A cousin of bluesman Bukka White, Riley B King was born in 1925 in Indianola, Mississippi, eventually escaping the plantation to develop a reputation in Memphis, where as “The Beale Street Blues Boy” he fronted a local radio show in the late Forties: the moniker would subsequently be shortened to “Blues Boy”, and eventually just “BB”. In 1949, keen-eared talent scout Ike Turner secured King a deal with Modern Records, for whom he would prove an invaluable asset: his 1952 hit “Three O’Clock Blues” topped the R&B chart for 15 weeks, the first of an impressive string of successes.
King’s powerful but sensitive vocal style had, in the usual manner, been honed in church, while his guitar playing drew on several influential forebears, including country-blues pickers alongside jazzmen Charlie Christian and Django Reinhardt. But the primary influence on his guitar technique was T-Bone Walker, the inventor of the electric blues. To this, King added an industrious finger-vibrato that gave his lines a unique pirouetting charm, entirely in keeping with his stately, urbane character. He played a Gibson ES355 dubbed “Lucille”, the appellation deriving from when he had to rescue the instrument from a club fire in Arkansas, and learned that the fire had been caused during a dispute over a girl of that name.

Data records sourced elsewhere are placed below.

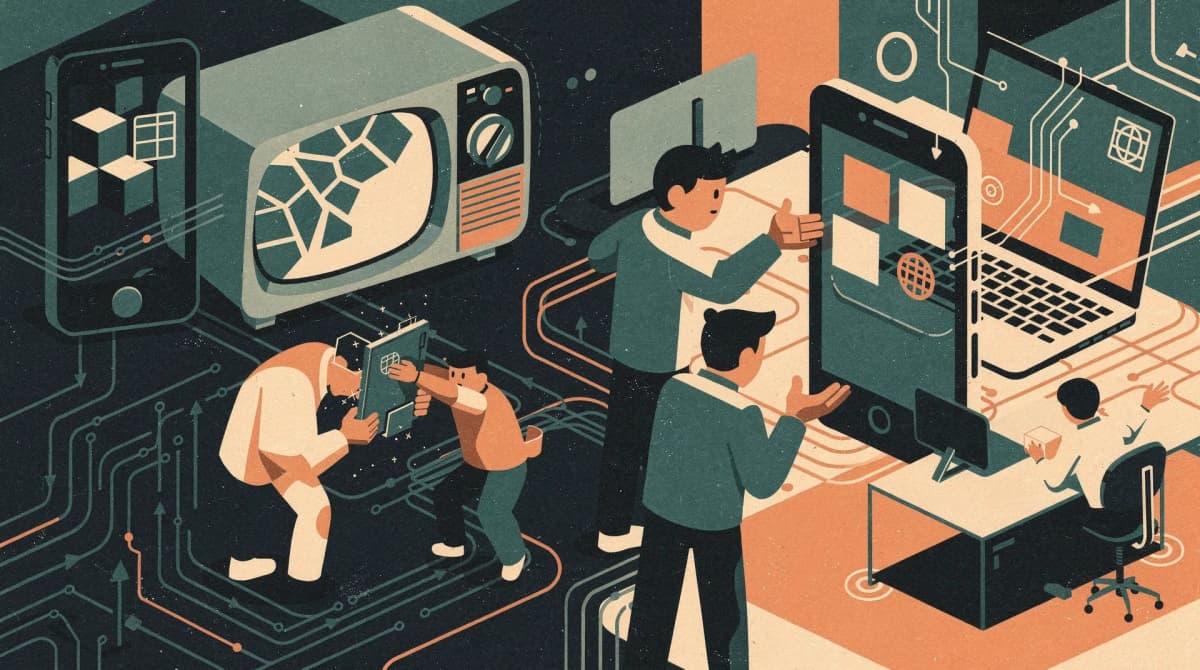 Netflix dejará de ser compatible con celulares y televisores antiguos a partir de abril de 2026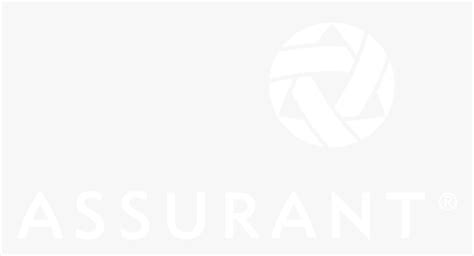 Footer Assurant Logo - Assurant Logo White Png, Transparent Png ...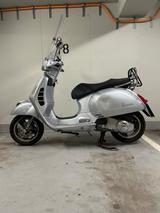 Vespa 250 ie - Offers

In the Fifties, King established the gruelling schedule of more than 300 shows a year, which would continue until the end of the century, routinely involving intolerable harassment by racist police. “Playing the blues,” he said, “is like having to be black twice.” He would make a crucial pop crossover in the early Sixties, thanks initially to “Rock Me Baby” – a cornerstone of the British blues boom later that decade – and “The Thrill Is Gone”, which became King’s signature piece for the rest of his career.

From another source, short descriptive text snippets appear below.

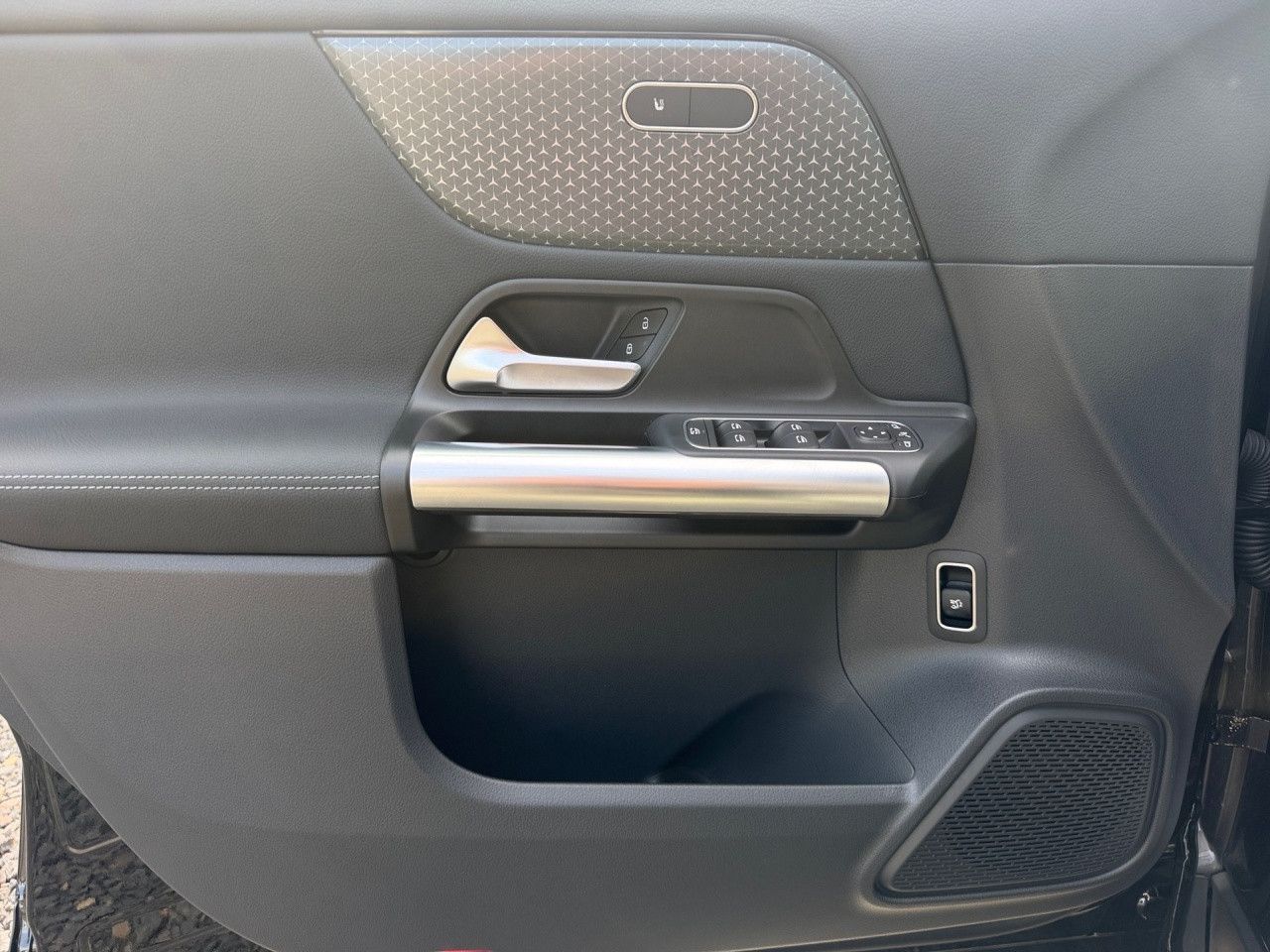 Mercedes-Benz GLA – Bild 14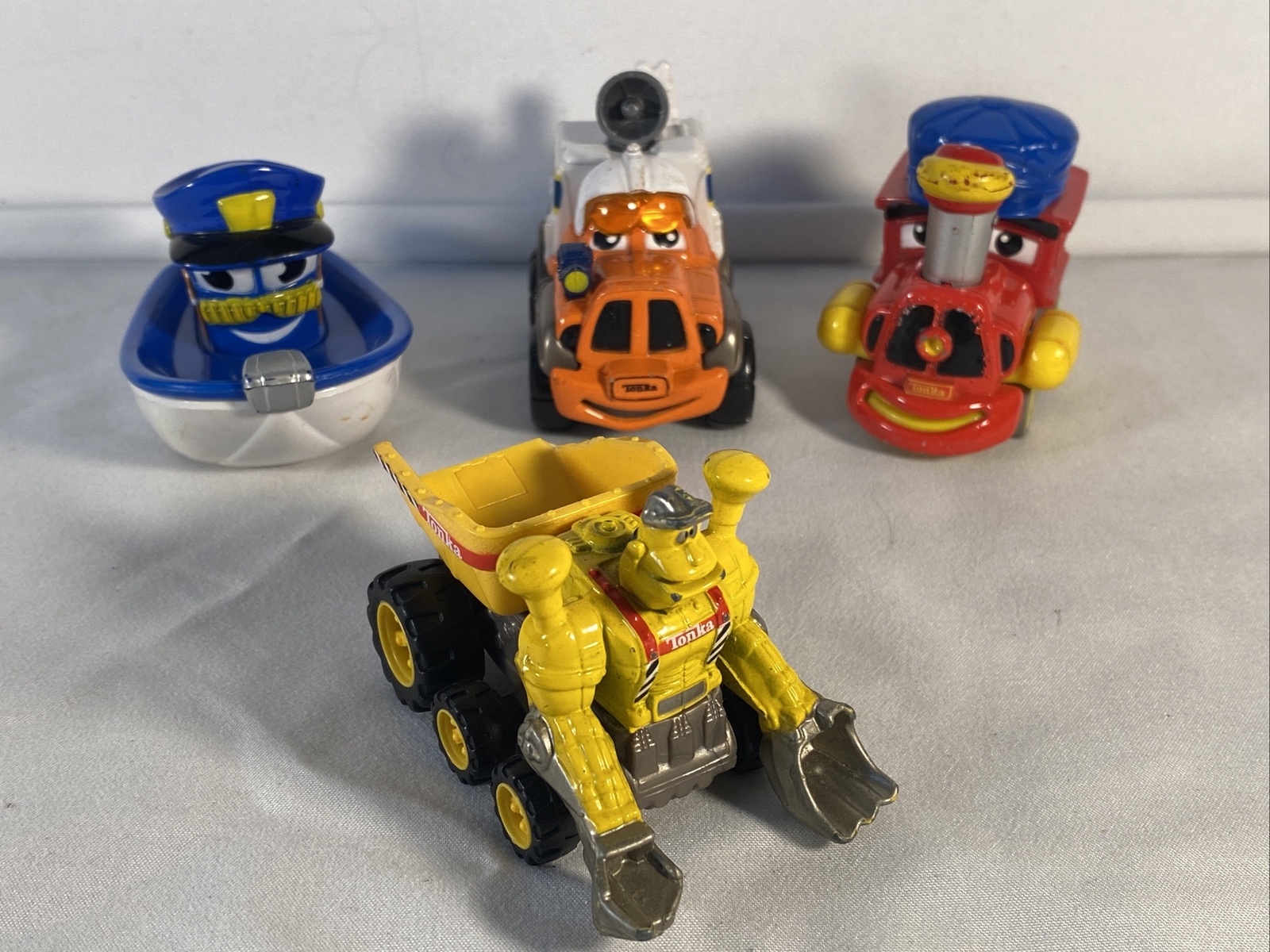 でスイッチ 廃盤 ROBOTCH 2001 ／ TOY LABEL V.A. ・ ジャンル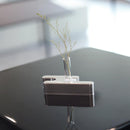 [VASE] HANA KASUMI (SHORT) | METALWORKING| HAYAMI SEISAKUSYO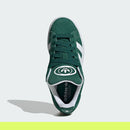 Campus Samba Dark Green–Premium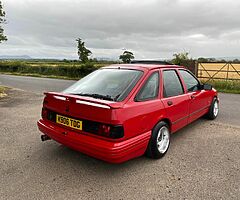 1993 Ford Ford Sierra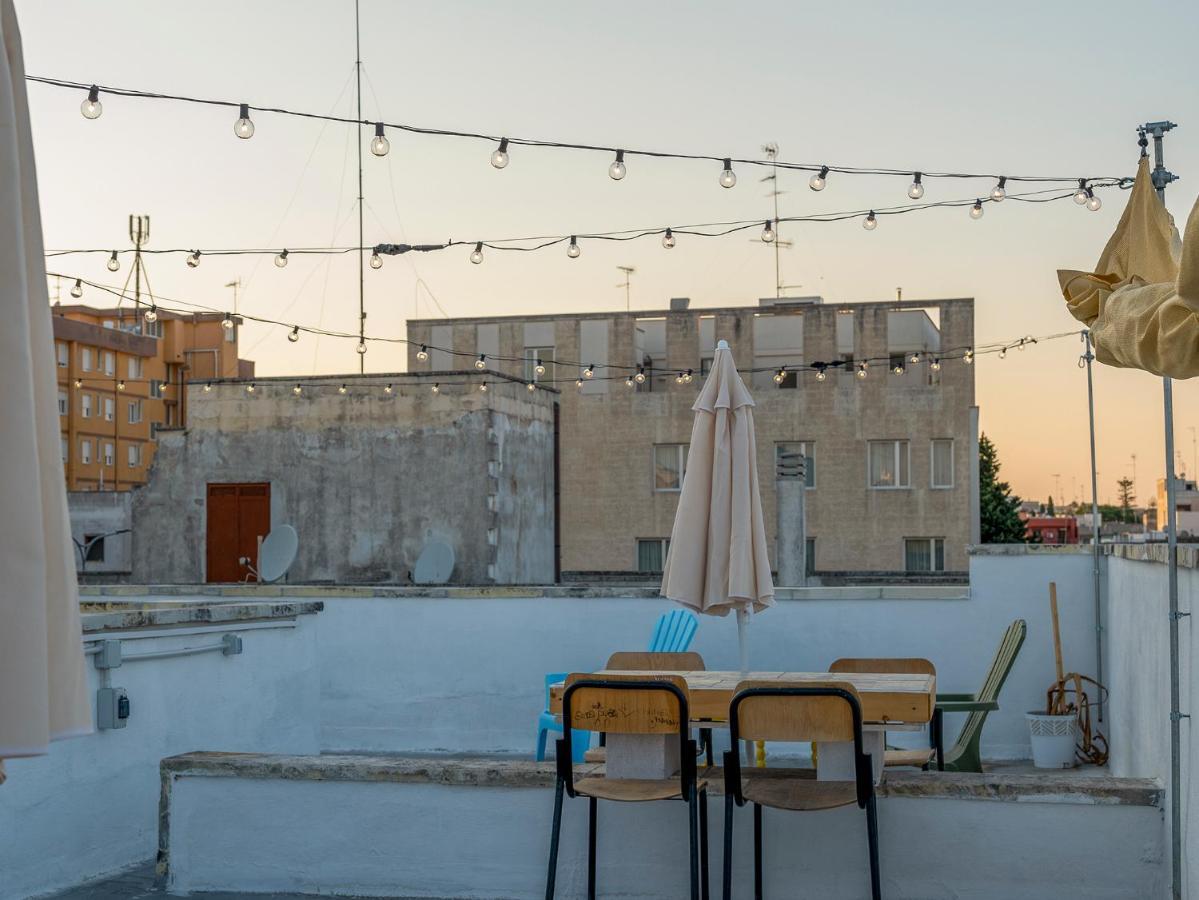 Primo Piano Holiday Lecce Luaran gambar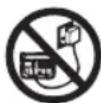 BLACK & DECKER BD 2200 - Explanation of the warning signs and symbols on the machine - 7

His adoption by white audiences came as a considerable surprise: once, arriving to play at the Fillmore West in 1968, he believed he had been driven to the wrong venue when he saw the queues of white kids outside. At that show, he was introduced by fellow performer Mike Bloomfield as “the greatest living blues guitarist”. Accompanied by the likes of Leon Russell, Joe Walsh and Carole King, his 1970 album Indianola Mississippi Seeds would give King his biggest success so far, heralding his elevation to heritage artist. Subsequent releases featured further collaborations with musicians such as Peter Green, Gary Moore, Eric Clapton, Bobby Bland and U2 – the latter group’s 1989 duet on “When Love Comes to Town” secured him a substantial late hit, while the 2008 album with Eric Clapton, Riding with the King, proved the most successful of his career, reaching double-platinum status in America.

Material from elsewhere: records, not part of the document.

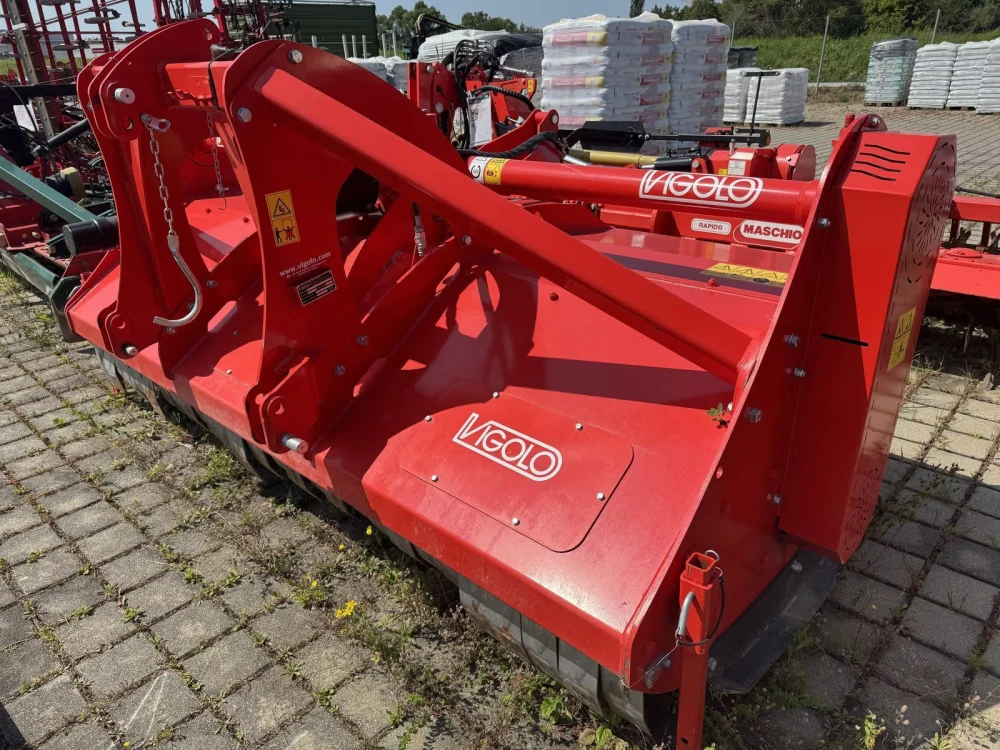 Vigolo TST-PRO 280 d'occasion — photo 1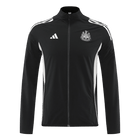 Newcastle United Jaqueta Corta-Vento 2025/26 Preto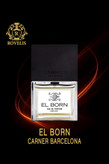 عطر ادکلن کارنر بارسلونا ال بورن / Carner Barcelona El Born
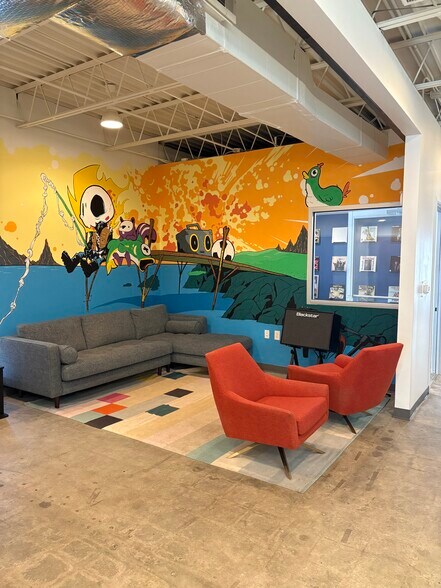 More Photos Of 247 NW 14th St, Atlanta Office For Sale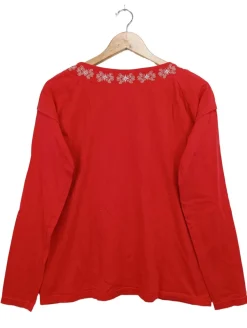 Longsleeve                            Größe                42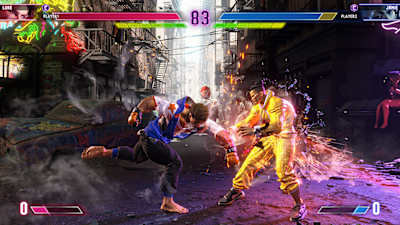 『スト６』が上達するためには？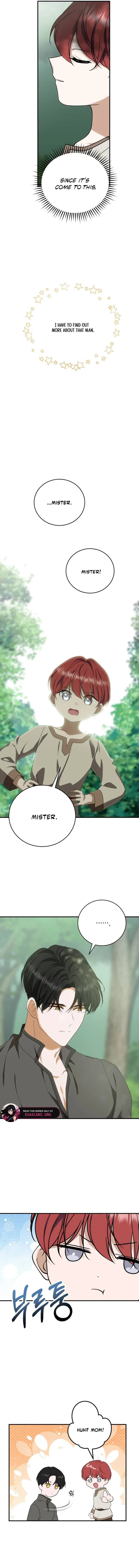 Read An unexpected proposal EN Manga Online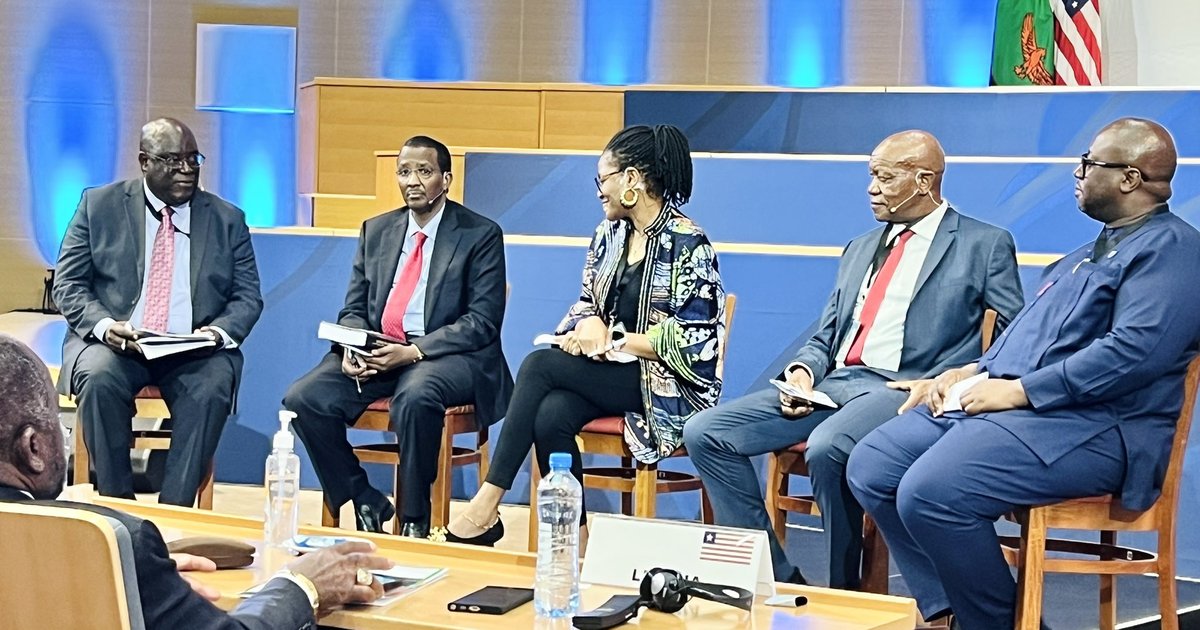Engaging the business community on beneficial ownership transparency in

King would remain a revered figure for the rest of his life, and one keenly aware of his cultural responsibilities. To keep the blues flame burning for subsequent generations, he donated his entire music collection of more than 20,000 records – including 7,000 rare blues 78s – to Mississippi University’s Center for the Study of Southern Culture. And throughout his career, King regularly performed for prison audiences, while ensuring his music eschewed the blues’ more profane celebrations of sexuality, drugs and violence in favour of an aspirational attitude focused on emotion expressed with elegance.